When people think of the ADA they often think of elevators in buildings, reserved spaces in parking lots, and lifts on buses. However, the ADA accessibility requirements also apply to programs offered on the Internet. As the United States Department of Justice clarifies ("ADA Accessibility," 1997), "Covered entities that use the Internet for communications regarding their programs, goods, or services must be prepared to offer those communications through accessible means as well." At the postsecondary level, the content of websites must be accessible to visitors with disabilities. For example, a blind student using a screen reader and voice synthesizer must be assured access to the content of web pages in text format.

People who feel they have been discriminated against can approach the campus ADA compliance officer and/or file a lawsuit. For example, people with disabilities have filed complaints with the Office of Civil Rights and/or sued postsecondary programs because they were denied the opportunity to take a course, to participate in a co-op activity, or to submit an assignment in an alternative form. In some settlement agreements postsecondary institutions have agreed to a make a broad range of programs and facilities more accessible to people with disabilities, including academic programs, dining and living facilities, and social aspects of campus life. Professional testing programs have also been required by the Department of Justice to provide sign language interpreters, assistive listening devices, and alternative formats to students taking these exams, as well as preparation courses for the examinations. Enforcement agencies encourage informal mediation and voluntary compliance.

Section 504 also specifies that universities may not limit the number of students with disabilities admitted or make preadmission inquiries as to whether or not an applicant has a disability. In addition, universities cannot use admission tests or other criteria that inadequately measure the academic qualifications of students with disabilities because special provisions to take the tests were not made, exclude a qualified student with a disability from any course of study, or establish rules and policies that may adversely affect students with disabilities.
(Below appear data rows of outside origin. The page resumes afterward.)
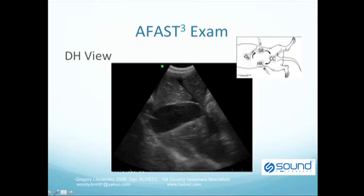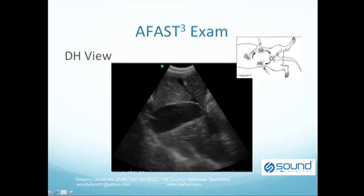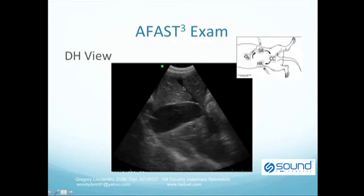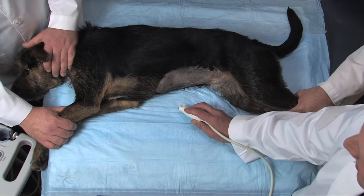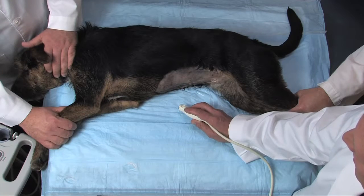This patient is positive, as you can see a liver lobe and these anechoic black triangles. Anechoic black triangles are the easily recognizable ultrasonographic findings in FAST exams for free fluid. Here we are at the DH view.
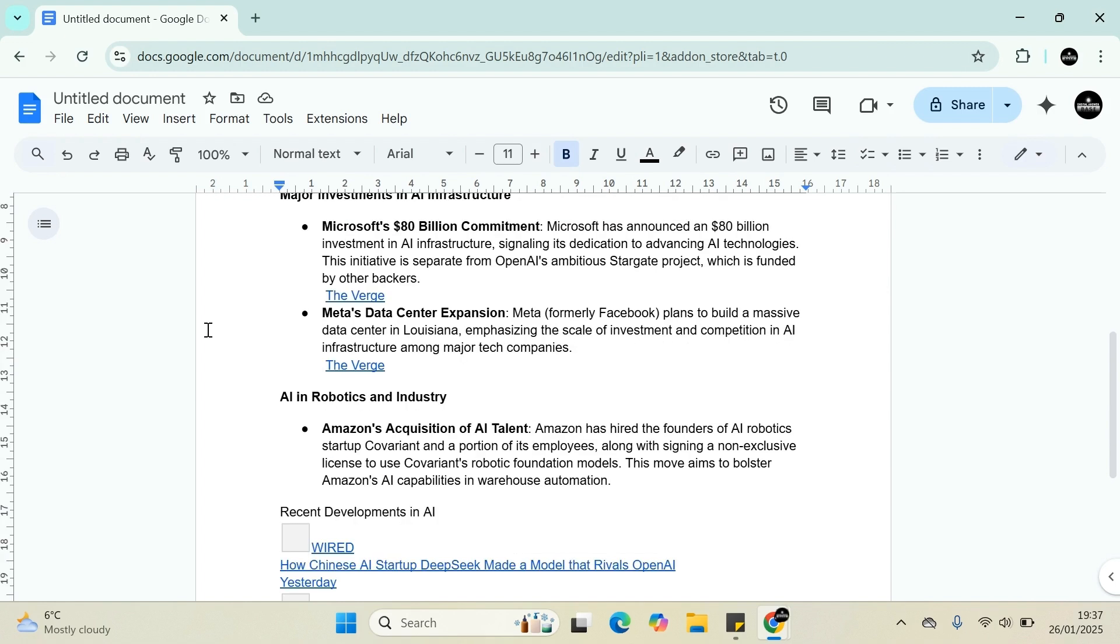Meta, formerly known as Facebook, plans to build a massive data center in Louisiana, emphasizing the scale of investment and competition in AI infrastructure among major tech companies.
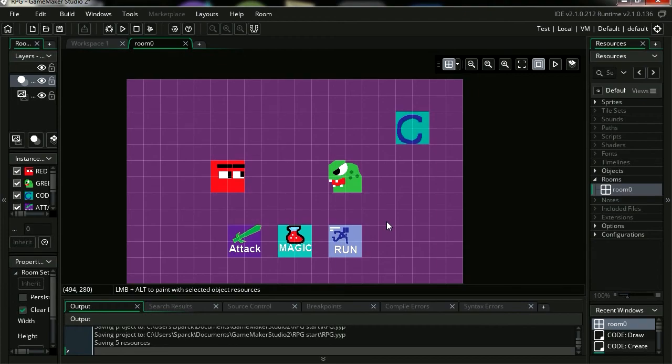Alright, so welcome back to part 2. In this series we're going to create a turn-based RPG battle system. If you don't have this file, there is a link down in the description below so download it.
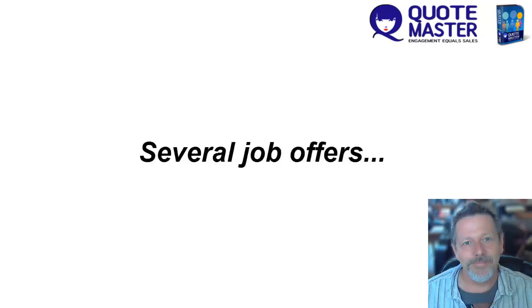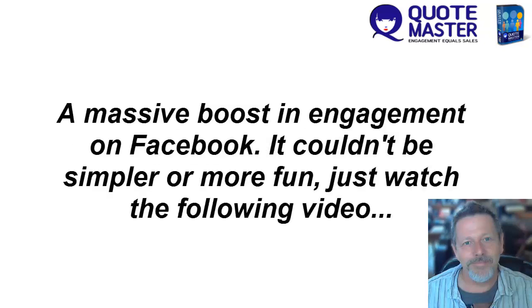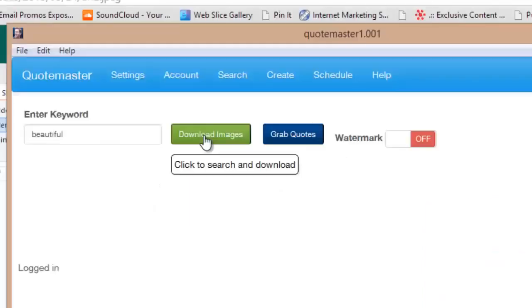The result? Several job offers. A massive boost in engagement on Facebook. It couldn't be simpler or more fun. Just watch the following video.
Section 508 of the Rehabilitation Act

To ensure that the federal government would not perpetuate the discrimination that the vocational rehabilitation system was designed to mitigate, on August 7, 1998, Congress amended Section 508 of the Rehabilitation Act (19 U.S.C. 794d) to expand the federal government's responsibility to provide electronic and information technology that is accessible to, and usable by, people with disabilities.
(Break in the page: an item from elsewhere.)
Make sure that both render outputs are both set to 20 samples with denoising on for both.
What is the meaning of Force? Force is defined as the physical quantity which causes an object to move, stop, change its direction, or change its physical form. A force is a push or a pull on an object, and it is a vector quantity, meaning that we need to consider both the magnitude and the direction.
Section 508 requires federal departments or agencies that develop, procure, maintain, or use electronic and information technology to ensure that the electronic and information technology is accessible. Section 508 requires that individuals with disabilities seeking information or services from a federal department or agency have access to and use of information and data comparable to that provided to individuals without disabilities. For example, government websites must provide access for blind users who use speech output systems. If any video clips are used, they must have captions and descriptions. Visual images should also be audio-described so that people who are blind or deaf have equal access.

In response to Section 508, the Access Board created accessibility standards for information technology. Although developed for federal agencies, they have been adopted by some postsecondary institutions to assure the accessibility of information procured, developed, and used on campus.

Conclusion

To sum up, federal legislation requires that we accept otherwise qualified students with disabilities into our academic programs. Additionally, we should work with students to identify and implement reasonable accommodations that will grant them access to educational opportunities. There are experienced staff on campus to assist instructors and other staffin understanding the effects of disabilities and of state, federal, and other relevant legislation. With your cooperation, and that of students, accommodation strategies can be determined and implemented successfully.